Pan's Labyrinth: The Labyrinth of the Faun(44)



Stumbling through the night, they followed the brook, shuddering under another pour of freezing rain. The old umbrella Mercedes had grabbed barely sheltered them from it. One time she believed she heard Ferreira’s footsteps behind her and had to remind herself that he was dead, like Tarta and so many others. Dead. Did the word become more or less real with every time one had to attach it to a loved one?

“Wait!” Mercedes stopped, her arm firmly around Ofelia’s shoulders.

She thought she could hear a horse snorting, but when she listened keenly into the night, all she could hear was the rain drumming against the trees and dripping from the leaves above them.

“It’s nothing!” she whispered, pressing Ofelia to her side. “Don’t worry. Let’s go.”

But the game was over.

As Mercedes turned, lifting the umbrella, she gazed into Vidal’s face. Garces stood behind him and at least twenty more of his soldiers. How had she not heard them? The night is always on the hunters’ side.

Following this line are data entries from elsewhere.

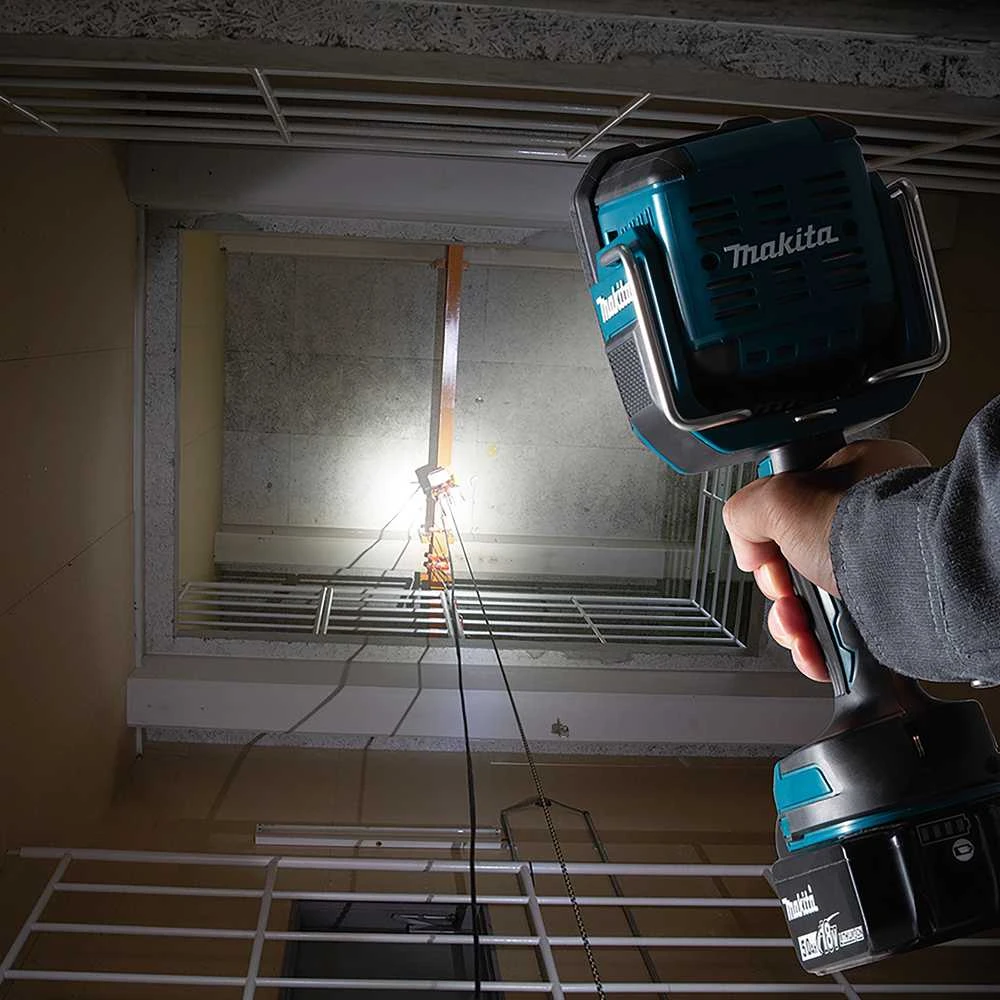 Makita Akumuliatorinis LED prožektorius DML812 14,4V / 18V LXT® • 1250 lm • komplektuojamas be akumuliatoriaus ir kroviklio.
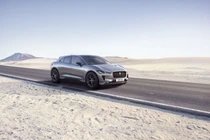 Jaguar I-Pace có thêm phiên bản Black mới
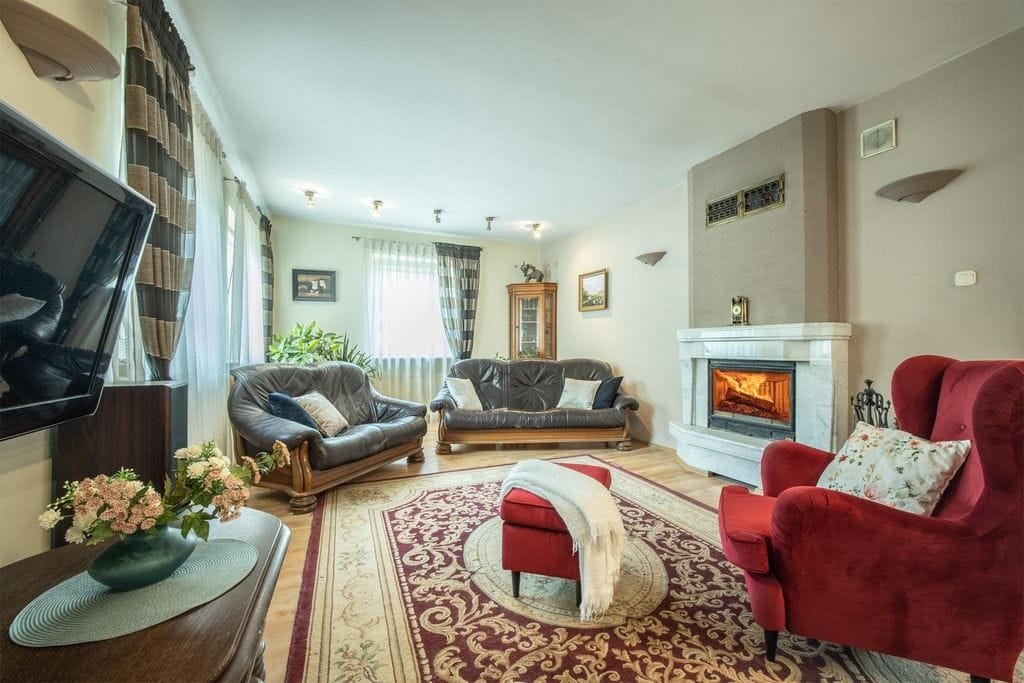 Dom 5 pokojowe na Sprzedaż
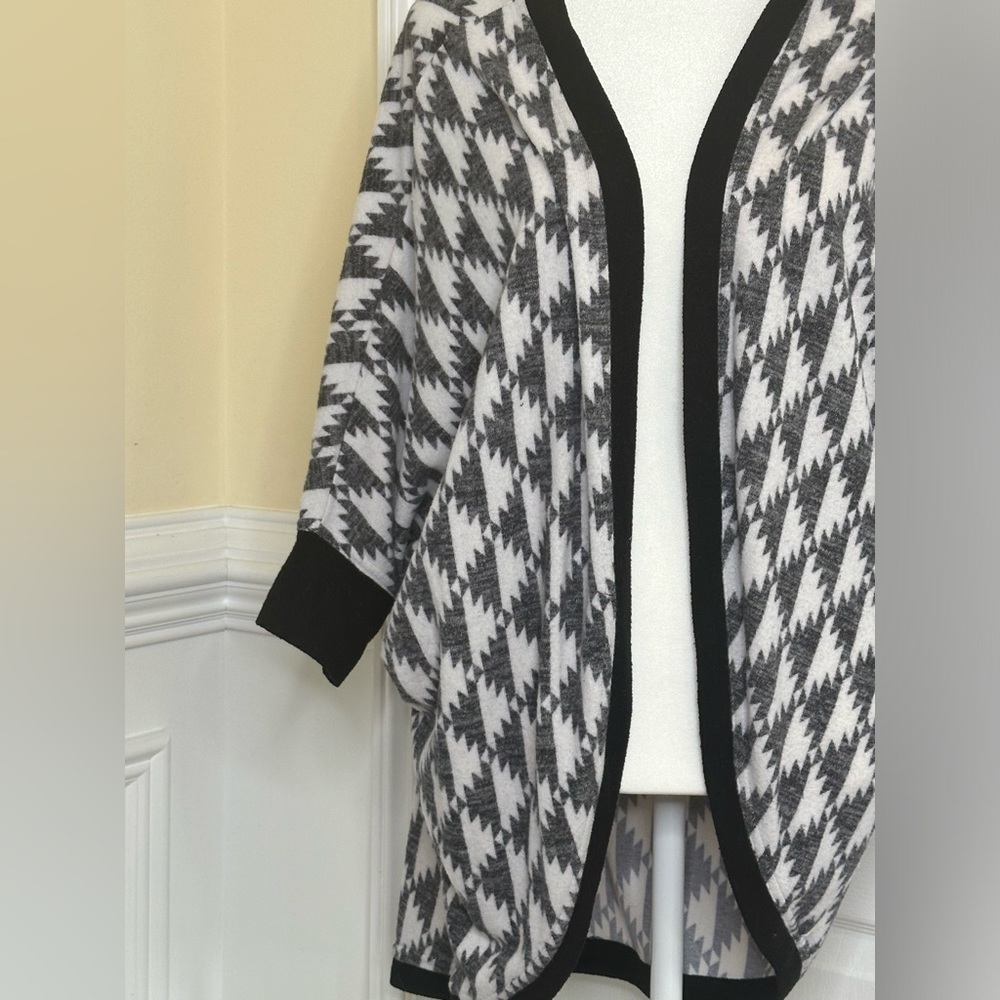 LuLaRoe Tracy Lightweight Sweater Knit Cardigan Size Small - Picture 3 of 11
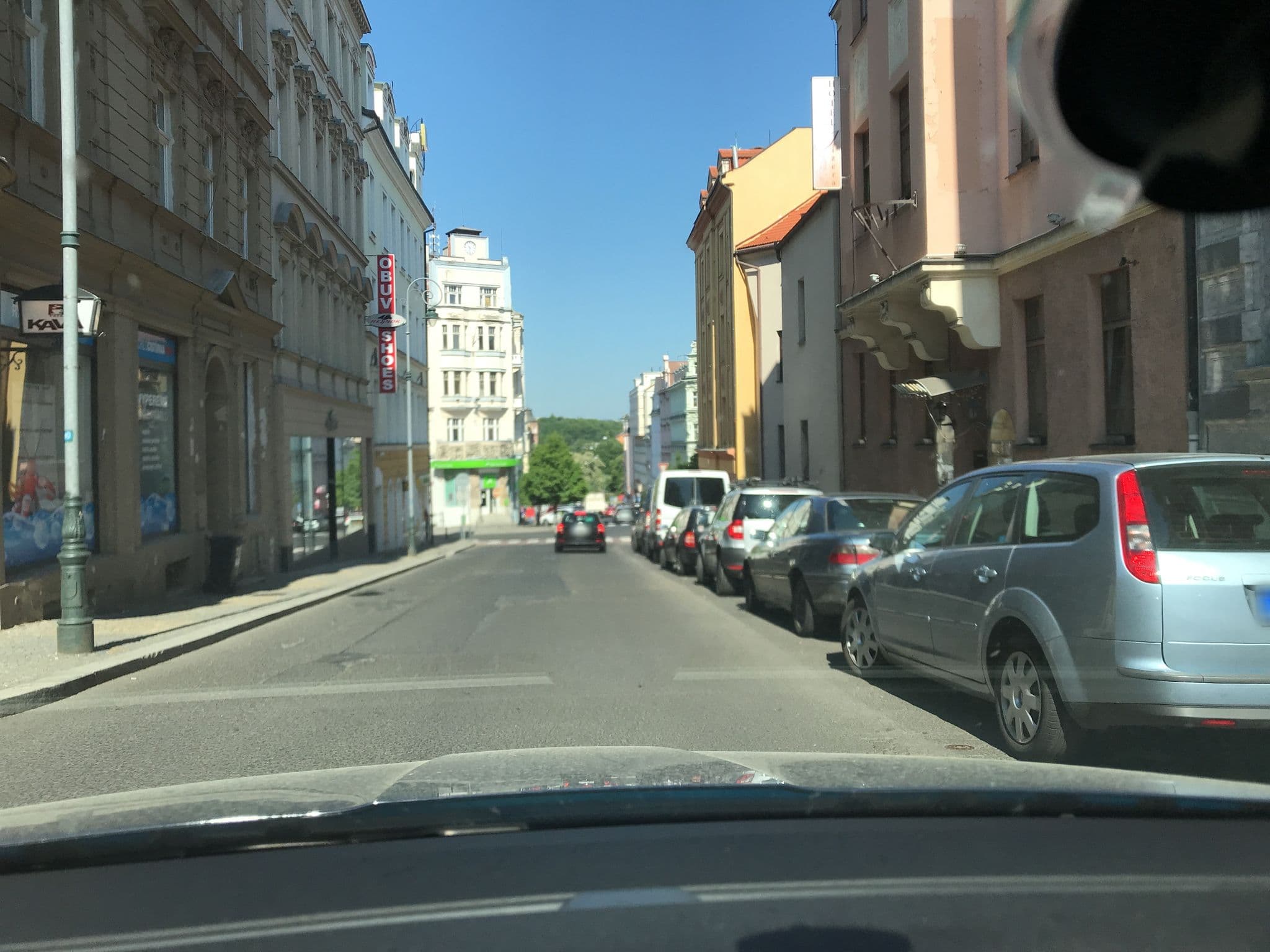 Street view near Hotel Pilgrim, Karlovy Vary — © atze777 (CC BY-SA · Mapillary)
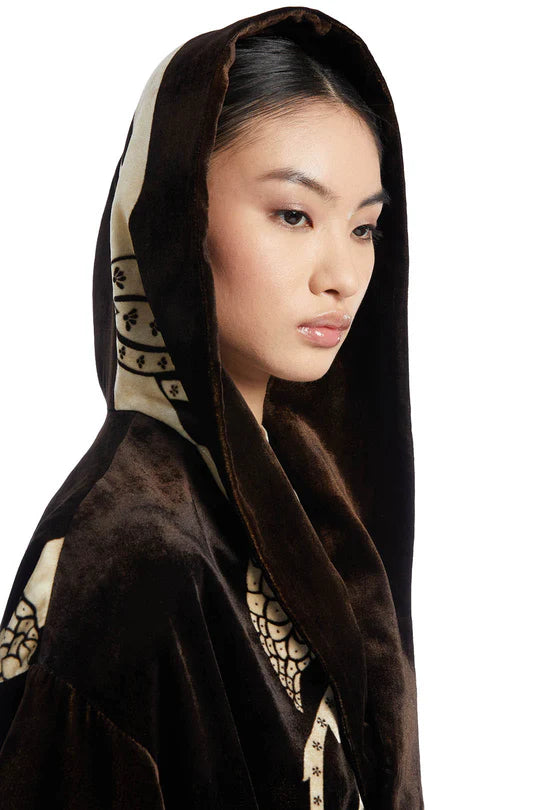 FOR RESTLESS SLEEPERS  EUTERPE IN BROWN VELVET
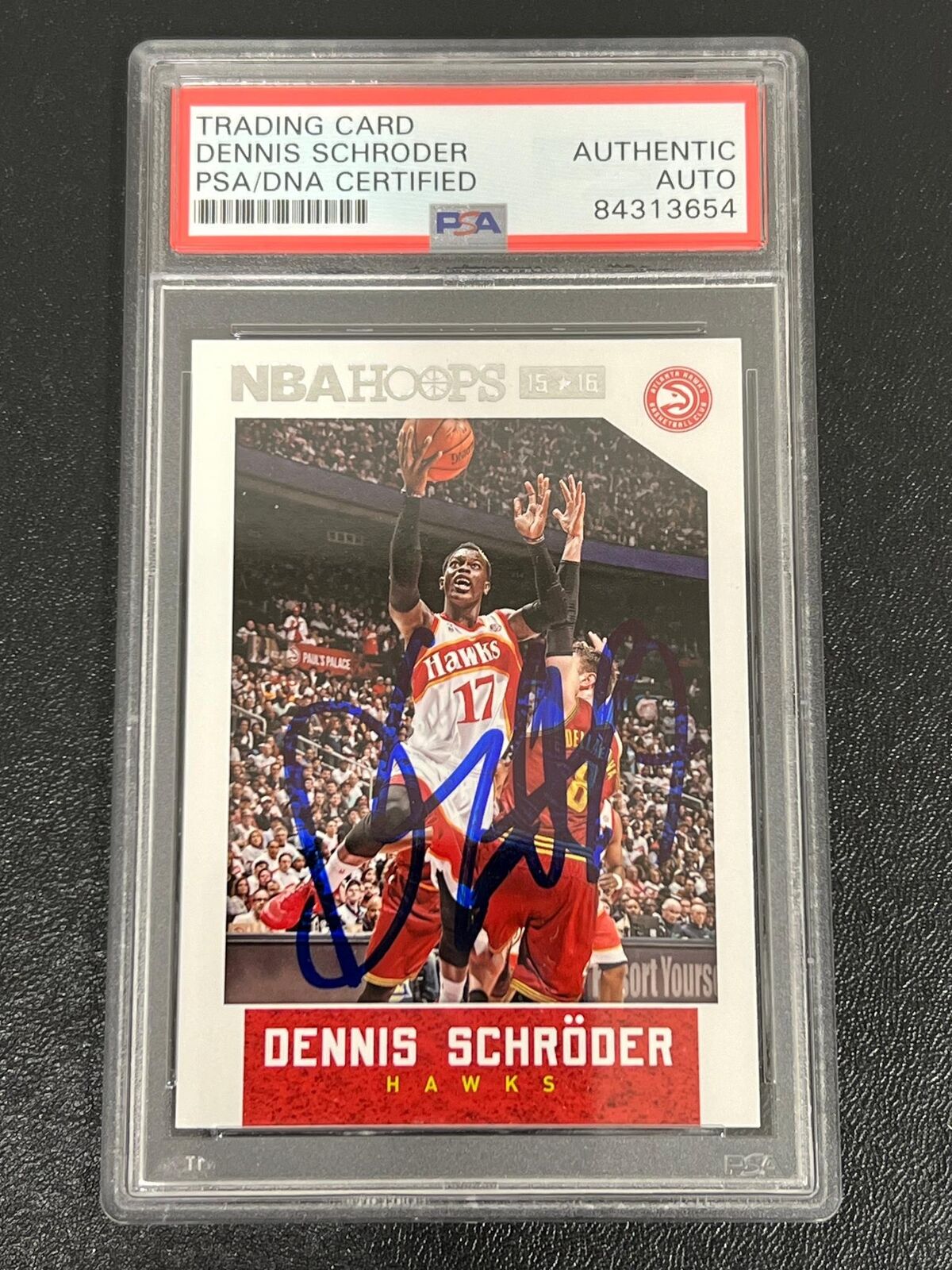 2015-16 NBA Hoops #89 Dennis Schroder Signed Card PSA AUTO Slabbed Hawks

“Mercedes.” Vidal turned her name into a chain around her neck. He let his gaze wander across her face, so stiff with terror, and down to the girl.

“Ofelia.”

He didn’t try to veil his hatred.

He grabbed the girl’s arm and left Mercedes to Garces.

They will kill her. That was all Ofelia could think, while the Wolf dragged her back to the mill, through the forest, over the mud-covered yard, into the house, where her mother had died. They will kill Mercedes like they killed my mother.

The Wolf pulled her up the stairs with hands of iron. He called for one of his soldiers to guard the door before he pushed her roughly into her room.

“How long have you known about her?”

He slapped Ofelia’s face. It was still wet with rain, or was it tears she felt on her cheeks? It didn’t matter. The raindrops were tears too. The whole world was crying.

“How long have you been laughing at me, little witch?!”

The Wolf shook her and Ofelia felt his wish to do more. Break her. Slash her like one of the rabbits the cook prepared in the kitchen for him and his men. Finally, he let go of her with a rude curse and took off his cap, breathing heavily, smoothing his hair. For the first time there was a crack in his mask and it frightened Ofelia more than the Faun’s rage. The Wolf would never forgive that she’d seen him weak—just as he wouldn’t forgive that she hadn’t told him about Mercedes.

“Watch her!” he barked at the soldier by the door. “And if anyone tries to get in”—he put the cap back on his head, straightening it, closing the crack—“kill her first.”

Ofelia’s cheek stung as if the slap had split her skin. She started crying the moment the Wolf closed the door, all those tears: for her mother, for Mercedes, for herself.





33


Just a Woman


And there she was, tied to the beam stained with Tarta’s blood while outside a new day was breaking. Mercedes didn’t look at Garces as he tightened the ropes and bound her hands in front of her, the same way they had tied Tarta’s.

Vidal was busy searching her bag. He had taken off his gloves. He often did when he questioned a prisoner. It was so hard to clean the blood off the leather. Mercedes knew. She’d done it quite a few times.

“Chorizo . . .” He threw the sausage on the ground. “That was not supposed to feed just you and the girl, right? And for sure you didn’t steal this for the girl.” He sniffed at a small parcel. “My best tobacco. You should have asked for it. I would have given it to you, Mercedes.”

Garces smiled and tied another knot, while his capitán pawed through the letters she was to deliver to the men in the forest.

“I want the names of whoever wrote these. I want them by tomorrow.” He handed the letters to Garces.

“Yes, Capitán.”

Why hadn’t she left the letters behind? All the loved ones the soldiers would now come for . . . Nothing would hurt the men in the woods more. All those words of love would turn into weapons against the ones they were supposed to comfort.

Mercedes tried to fight back the tears. Despair welled up like poisoned water in her heart. Love is such a terribly efficient trap, and the cruelest truth about war is that it makes loving a deadly risk. We’ll kill your mother. We’ll rape your sister. We’ll break your brother’s bones. . . .

Mercedes leaned her head back against the splintered wood. What did it matter if they killed her now? She’d been afraid of this for far too long. Her heart was so exhausted from all the fear that it felt nothing except regret about the letters and compassion for the people who’d soon hear a knock at their doors.

Vidal unbuttoned the shirt she had washed and ironed for him. How often had she cursed the stains the blood of someone else had caused? Would hers stain the sleeves or would he take the shirt off? Yes, think about washing shirts, Mercedes. Don’t give your mind time to think about what he’ll do to you.

“You can go, Garces.”

She wasn’t sure what she sensed in the look Garces gave her. Some of the soldiers didn’t like to torture women. His capitán didn’t have any such hesitations. She suspected he enjoyed it even more than breaking men.

“You’re sure, Capitán?”

Mercedes couldn’t remember having ever heard Vidal laugh before. “For God’s sake! She’s just a woman.”